The entries below are to be duplicated exactly, with nothing left out.
MATERIAL TO PROCESS Start Marker
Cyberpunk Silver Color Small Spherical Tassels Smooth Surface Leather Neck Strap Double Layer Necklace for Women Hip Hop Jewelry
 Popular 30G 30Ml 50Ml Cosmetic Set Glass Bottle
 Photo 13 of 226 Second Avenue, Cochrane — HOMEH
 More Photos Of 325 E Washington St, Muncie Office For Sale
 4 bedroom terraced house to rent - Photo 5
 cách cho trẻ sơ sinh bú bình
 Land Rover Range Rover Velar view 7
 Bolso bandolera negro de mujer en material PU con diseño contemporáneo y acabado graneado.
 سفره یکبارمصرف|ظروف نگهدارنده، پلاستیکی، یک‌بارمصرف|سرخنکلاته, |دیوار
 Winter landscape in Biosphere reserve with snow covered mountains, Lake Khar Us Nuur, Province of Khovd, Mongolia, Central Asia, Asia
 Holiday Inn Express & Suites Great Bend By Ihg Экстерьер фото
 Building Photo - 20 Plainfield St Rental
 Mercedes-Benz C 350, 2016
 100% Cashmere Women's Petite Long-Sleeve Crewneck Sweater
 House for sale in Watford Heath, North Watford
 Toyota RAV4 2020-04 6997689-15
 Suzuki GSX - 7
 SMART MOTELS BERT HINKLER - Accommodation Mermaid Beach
MATERIAL TO PROCESS End Marker
- EXPECTED OUTPUT:
Cyberpunk Silver Color Small Spherical Tassels Smooth Surface Leather Neck Strap Double Layer Necklace for Women Hip Hop Jewelry
 Popular 30G 30Ml 50Ml Cosmetic Set Glass Bottle
 Photo 13 of 226 Second Avenue, Cochrane — HOMEH
 More Photos Of 325 E Washington St, Muncie Office For Sale
 4 bedroom terraced house to rent - Photo 5
 cách cho trẻ sơ sinh bú bình
 Land Rover Range Rover Velar view 7
 Bolso bandolera negro de mujer en material PU con diseño contemporáneo y acabado graneado.
 سفره یکبارمصرف|ظروف نگهدارنده، پلاستیکی، یک‌بارمصرف|سرخنکلاته, |دیوار
 Winter landscape in Biosphere reserve with snow covered mountains, Lake Khar Us Nuur, Province of Khovd, Mongolia, Central Asia, Asia
 Holiday Inn Express & Suites Great Bend By Ihg Экстерьер фото
 Building Photo - 20 Plainfield St Rental
 Mercedes-Benz C 350, 2016
 100% Cashmere Women's Petite Long-Sleeve Crewneck Sweater
 House for sale in Watford Heath, North Watford
 Toyota RAV4 2020-04 6997689-15
 Suzuki GSX - 7
 SMART MOTELS BERT HINKLER - Accommodation Mermaid Beach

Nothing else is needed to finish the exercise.